[WHAT IS BEING ASKED]: From the first line of the data below through the line bearing "Button - Black", reproduce each line exactly; do not include pictures.

*** RECORD SET ***

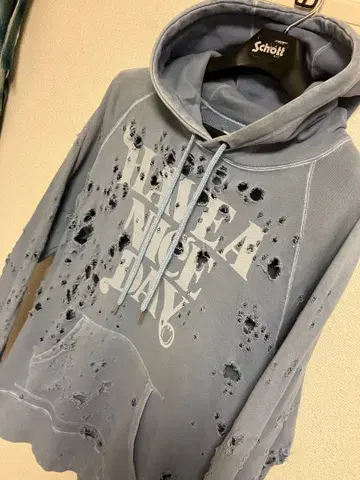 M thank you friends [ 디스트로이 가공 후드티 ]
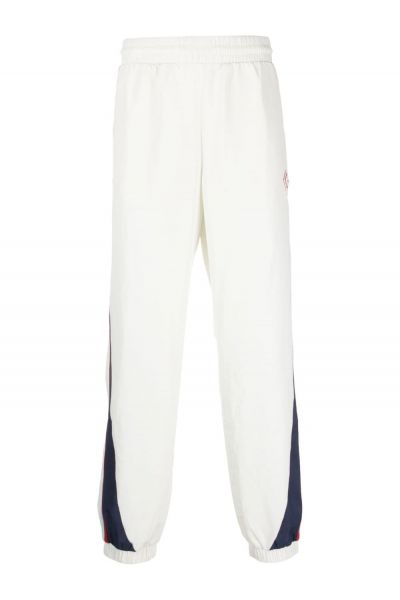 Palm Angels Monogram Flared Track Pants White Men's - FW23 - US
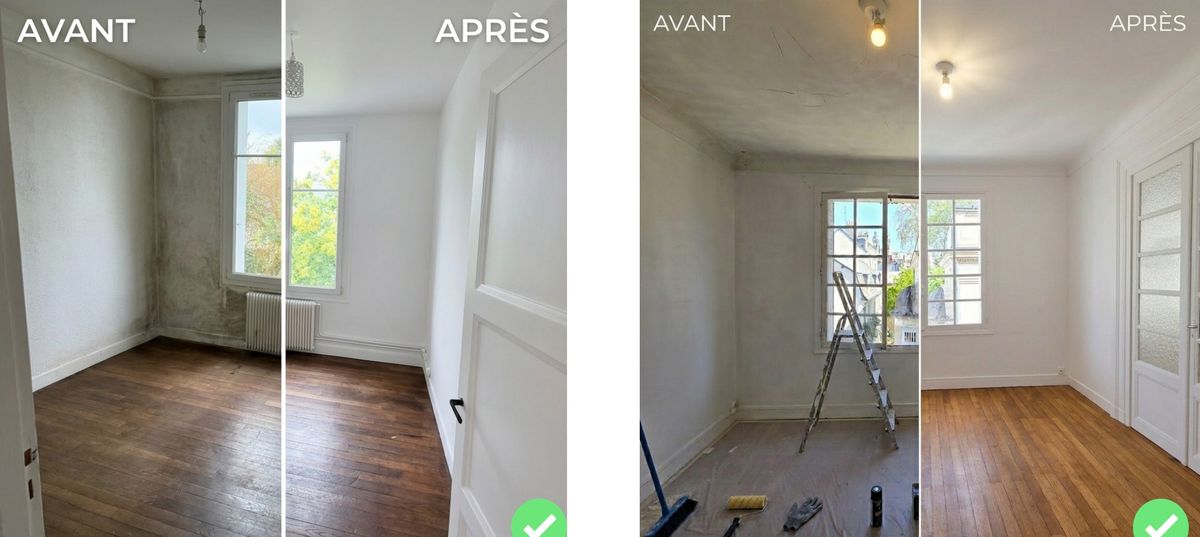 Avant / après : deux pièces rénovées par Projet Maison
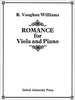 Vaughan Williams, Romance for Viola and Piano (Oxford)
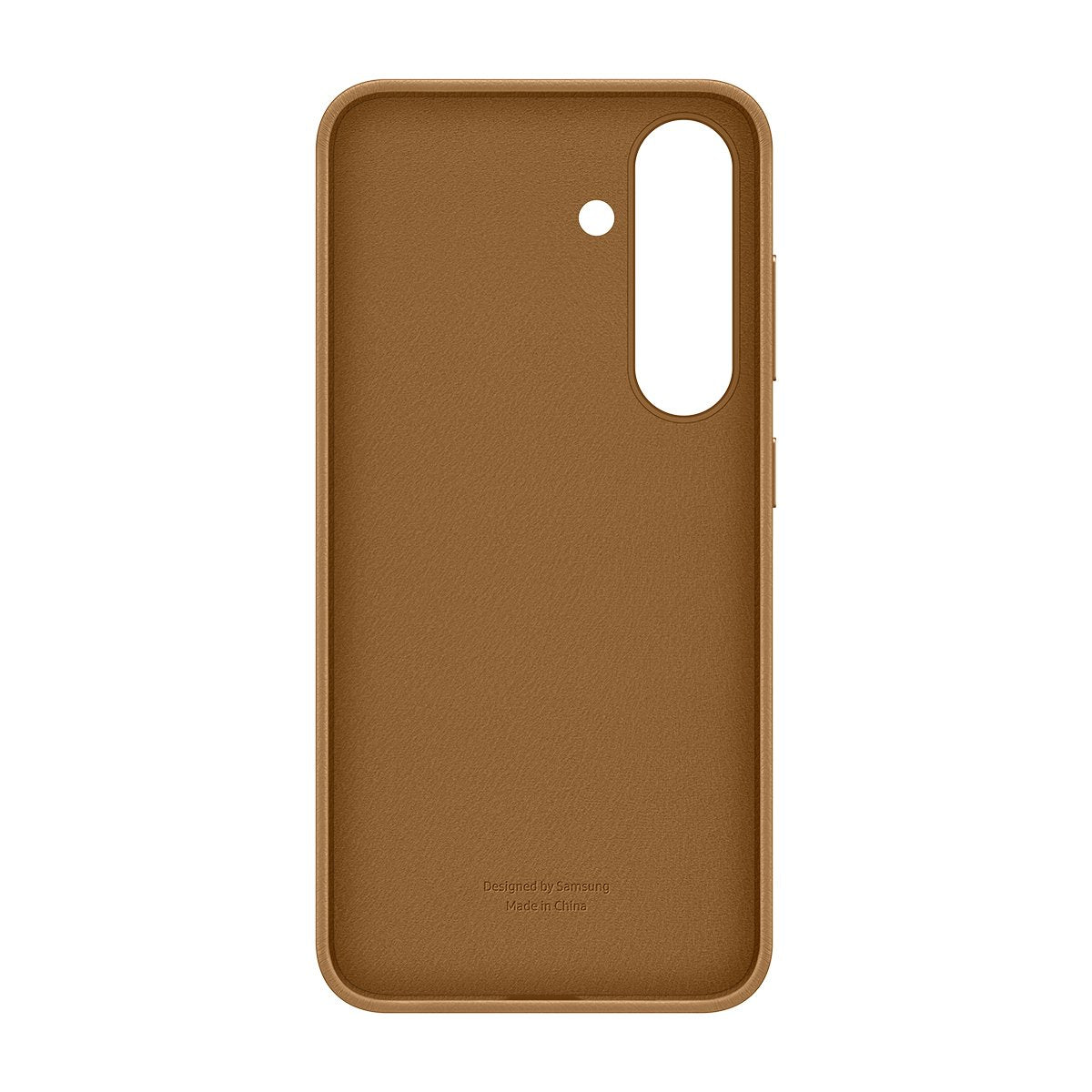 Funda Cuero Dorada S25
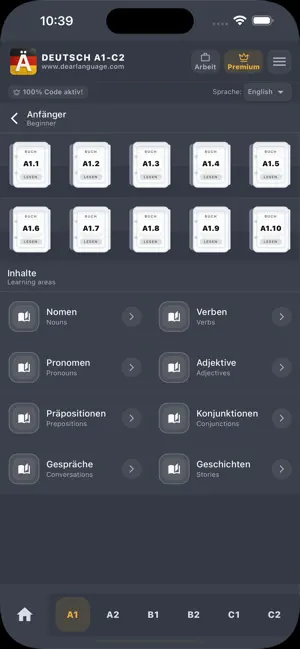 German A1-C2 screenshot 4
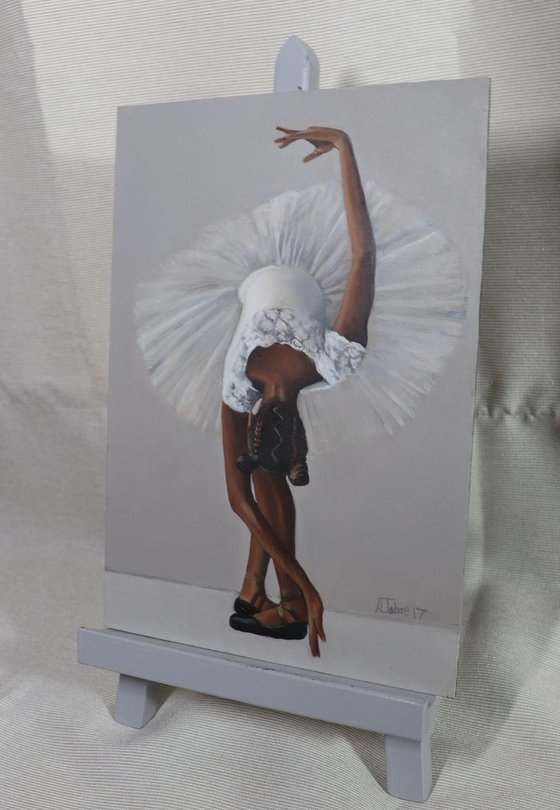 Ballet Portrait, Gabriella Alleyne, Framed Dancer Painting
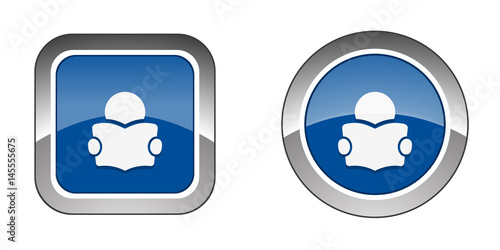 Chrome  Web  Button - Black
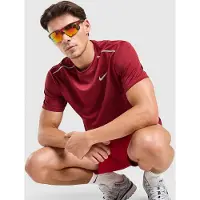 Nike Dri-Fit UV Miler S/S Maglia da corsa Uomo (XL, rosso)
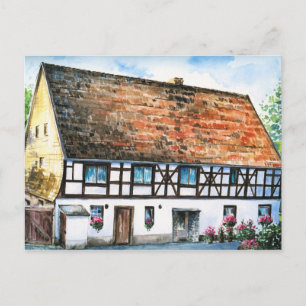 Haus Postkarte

*** End of RECORD SET ***

[TASK SOLUTION]:
 M thank you friends [ 디스트로이 가공 후드티 ]
 Palm Angels Monogram Flared Track Pants White Men's - FW23 - US
 Avant / après : deux pièces rénovées par Projet Maison
 Vaughan Williams, Romance for Viola and Piano (Oxford)
 Funda Cuero Dorada S25
 German A1-C2 screenshot 4
 Ballet Portrait, Gabriella Alleyne, Framed Dancer Painting
 Chrome  Web  Button - Black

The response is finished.